==== Data section ====

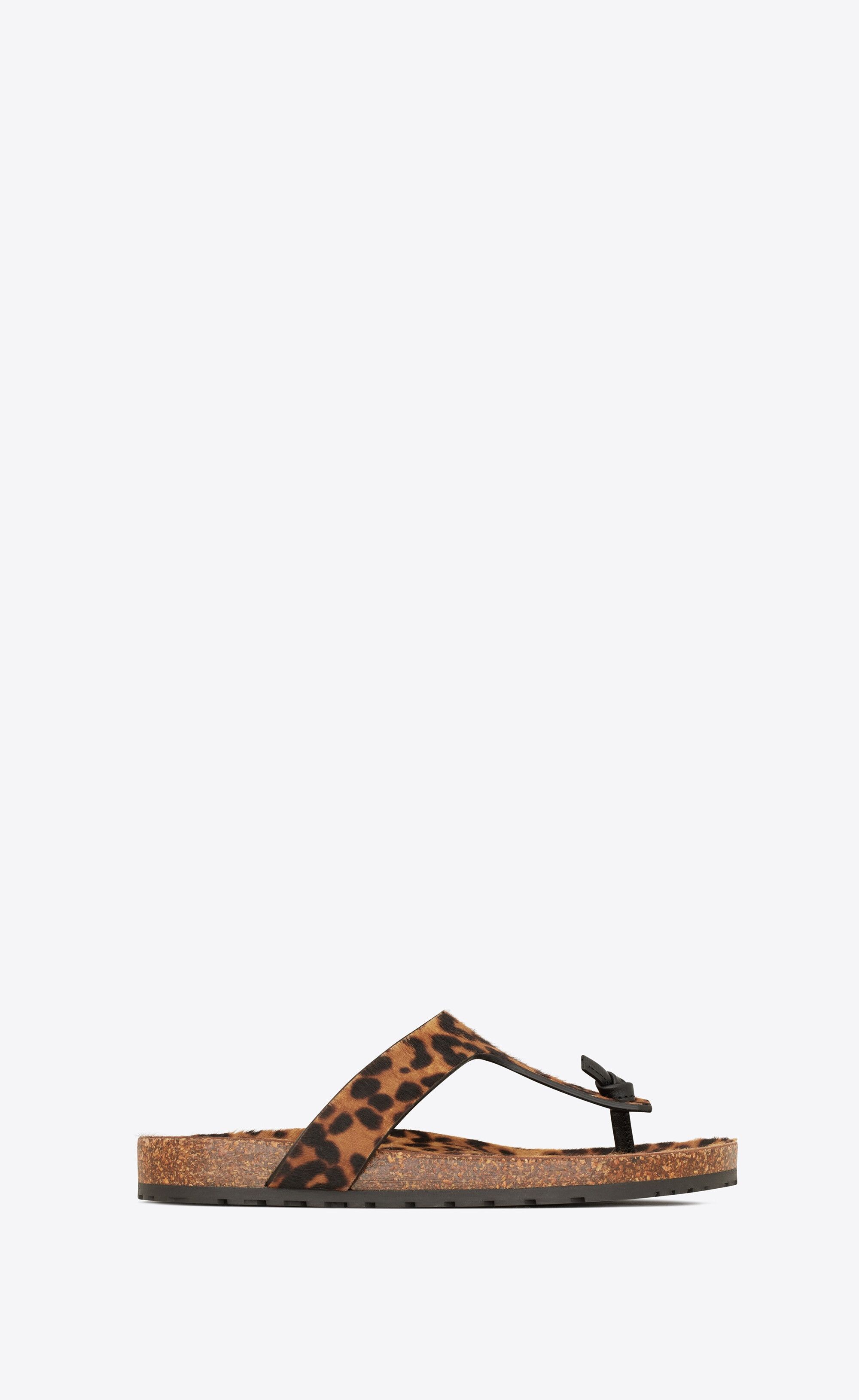 image of Saint Laurent Paris Oc11Z10524 Jimmy Flat Sandals In Brown, Men's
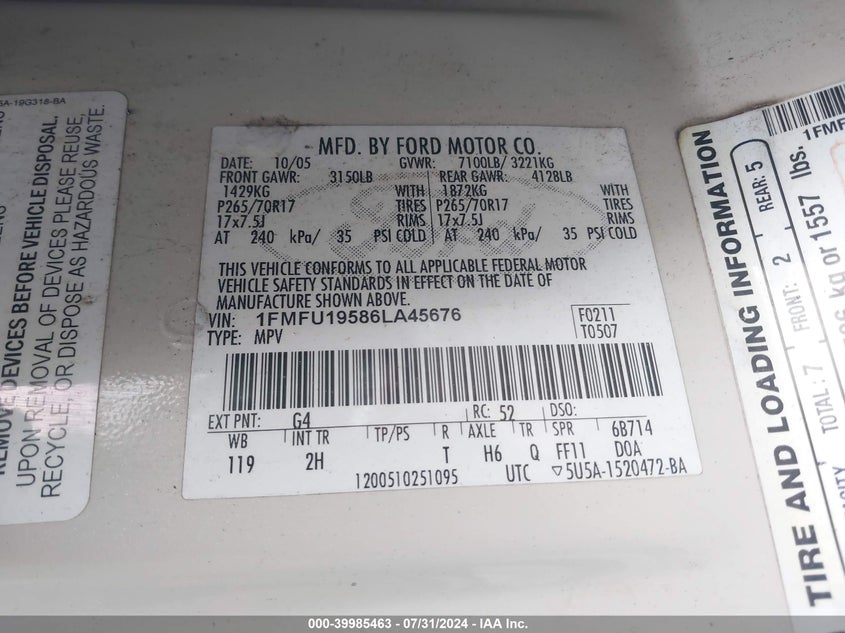 2006 Ford Expedition Limited VIN: 1FMFU19586LA45676 Lot: 39985463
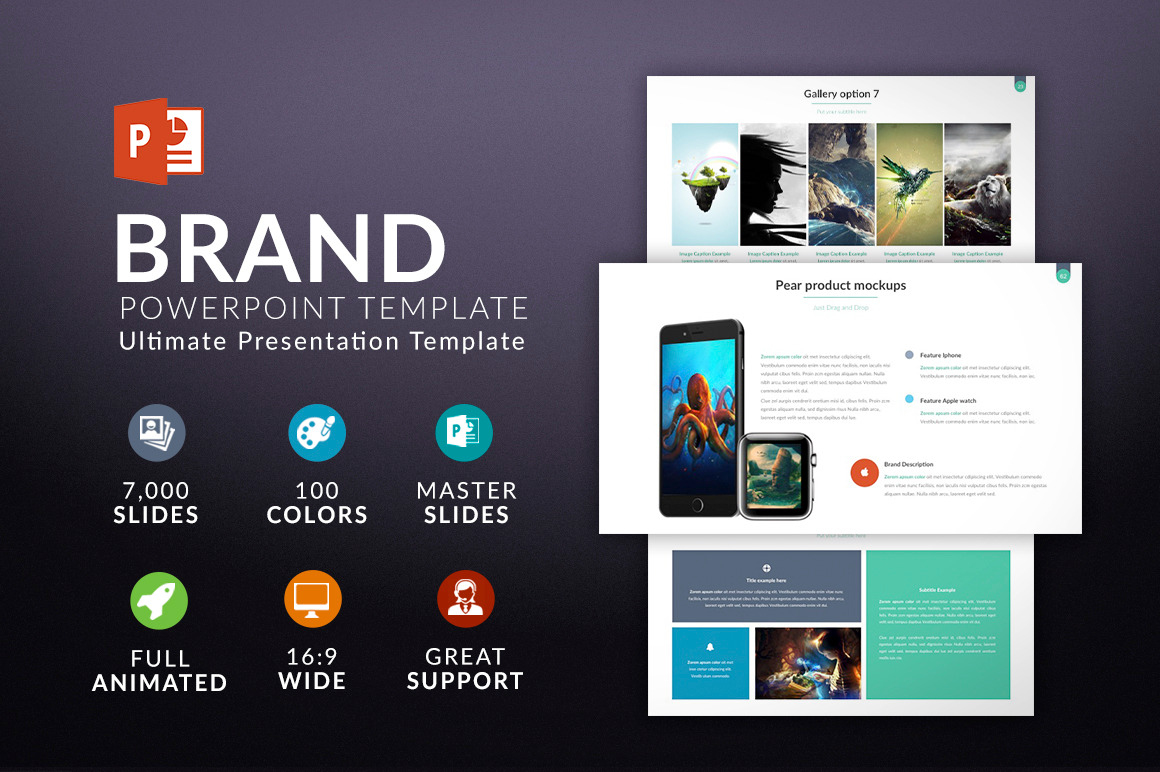 Brand Powerpoint template PowerPoint Templates Creative Market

====

(Task directions):
The aim is an exact repeat of the entire listing, stripped of pictures.

(Exercise response):
 image of Saint Laurent Paris Oc11Z10524 Jimmy Flat Sandals In Brown, Men's
 2006 Ford Expedition Limited VIN: 1FMFU19586LA45676 Lot: 39985463
 Brand Powerpoint template PowerPoint Templates Creative Market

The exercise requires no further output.